Thursday, September 04, 2008

Beijing, Pyongyang, and Weapons of Mass Distraction

I was pondering the rather silly reports I saw this morning about American officials downplaying apparent efforts by Kim Jong-il to rebuild his nuclear power plant (BBC and Washington Times). In effect, the Washington crew is saying the Korean regime's actions are just a ruse to get itself of the U.S. State Department's terrorist list.

That seemed gallingly naive at first (after all, Japan and South Korea think differently). However, upon further review (yep, it's football season again!), the Bush Administration may actually have a point. This is a Communist regime we're seeing here, and elaborate shows are their specialty. Moreover, the regime has plenty of reason to engage in this sort of bluster, namely to make sure none of the locals complain about starving to death (Christian Science Monitor).

In fact, whether this is a just a ruse or a genuine move to renuclearize, the Stalinists in northern Korea are simply taking a page from Communist China's playbook: when you run out of bread, double the circuses!

To see what I mean, let's take a look at the Chinese Communist Party's interactions with the rest of the world today. We have industrial espionage (United Press International), undue influence in Taiwan (Taipei Times) and Canada (Epoch Times), overseas intimidation in New York (Epoch Times), and racketeering (Epoch Times).

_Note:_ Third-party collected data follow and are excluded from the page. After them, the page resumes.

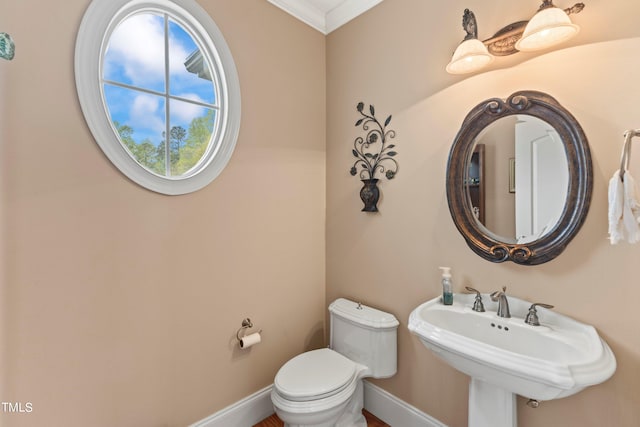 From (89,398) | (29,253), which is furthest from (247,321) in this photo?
→ (29,253)

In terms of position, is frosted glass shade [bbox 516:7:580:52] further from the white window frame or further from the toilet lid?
the toilet lid

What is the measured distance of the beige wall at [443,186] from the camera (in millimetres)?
1109

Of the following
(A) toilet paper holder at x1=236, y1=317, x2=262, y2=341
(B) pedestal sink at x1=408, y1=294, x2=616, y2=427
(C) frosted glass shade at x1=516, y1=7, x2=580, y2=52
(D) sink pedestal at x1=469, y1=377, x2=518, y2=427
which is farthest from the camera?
(A) toilet paper holder at x1=236, y1=317, x2=262, y2=341

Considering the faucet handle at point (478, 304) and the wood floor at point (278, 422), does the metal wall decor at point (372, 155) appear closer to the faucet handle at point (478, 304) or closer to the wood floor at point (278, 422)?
the faucet handle at point (478, 304)

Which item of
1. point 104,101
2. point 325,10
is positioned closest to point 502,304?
point 104,101

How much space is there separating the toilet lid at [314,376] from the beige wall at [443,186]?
0.40 meters

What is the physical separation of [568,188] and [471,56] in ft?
2.33

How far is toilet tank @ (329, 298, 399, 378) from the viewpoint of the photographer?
1.71m

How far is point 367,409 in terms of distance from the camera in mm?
1925

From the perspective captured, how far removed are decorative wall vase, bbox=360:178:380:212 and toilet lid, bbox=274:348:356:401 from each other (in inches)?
37.1

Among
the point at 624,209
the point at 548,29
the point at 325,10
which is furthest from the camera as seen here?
→ the point at 325,10

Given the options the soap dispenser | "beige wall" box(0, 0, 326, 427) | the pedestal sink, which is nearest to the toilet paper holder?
"beige wall" box(0, 0, 326, 427)

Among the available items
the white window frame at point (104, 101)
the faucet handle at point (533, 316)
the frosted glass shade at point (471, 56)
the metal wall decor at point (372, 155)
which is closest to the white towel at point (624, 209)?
the faucet handle at point (533, 316)

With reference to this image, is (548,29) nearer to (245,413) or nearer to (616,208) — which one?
(616,208) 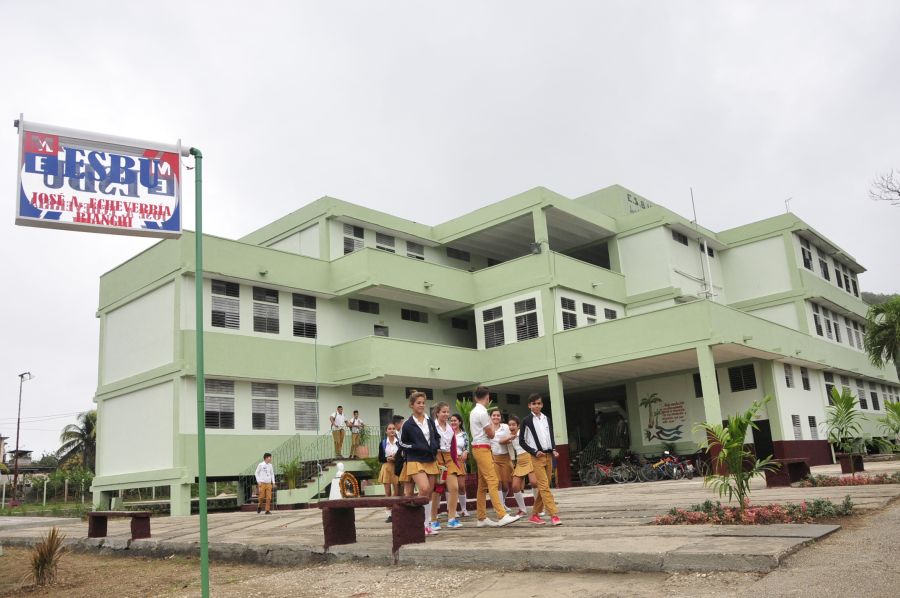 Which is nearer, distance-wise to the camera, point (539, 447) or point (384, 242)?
point (539, 447)

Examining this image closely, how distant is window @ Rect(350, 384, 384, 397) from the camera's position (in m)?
26.9

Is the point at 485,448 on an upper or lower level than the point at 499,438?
lower

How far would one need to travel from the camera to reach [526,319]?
26.8 m

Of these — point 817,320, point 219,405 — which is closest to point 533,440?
point 219,405

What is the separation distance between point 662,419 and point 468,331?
9.05 meters

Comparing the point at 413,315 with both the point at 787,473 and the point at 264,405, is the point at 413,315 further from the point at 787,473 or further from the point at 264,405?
the point at 787,473

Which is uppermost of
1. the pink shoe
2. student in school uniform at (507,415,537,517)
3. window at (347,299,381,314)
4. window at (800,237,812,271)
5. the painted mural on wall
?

That's a fairly busy week for the CCP!

It leads one to ask, why? What is causing them to lean on democratic governments and electorates to be silent, while trying to rob them blind at the same time?

Much like their Korean colony, the cadres are reacting to problems at home, which have seen no letting up since the Olympics left town.

Australian doctors cracking down on recipients of organs from Communist China - meaning they remain well aware of the regime's policy to extract organs from executed prisoners, including political prisoners and especially Falun Gong practitioners (Between Heaven and Earth).

Meanwhile, and far more importantly to the cadres, they have had to come clean about the substandard school buildings that killed over 90,000 in last spring's Sichuan earthquake (BBC). This takes all of the propaganda gains the Communists scored from earthquake sympathy and turns it into an acidic and poisonous liability - just as students are returning to school (Epoch Times).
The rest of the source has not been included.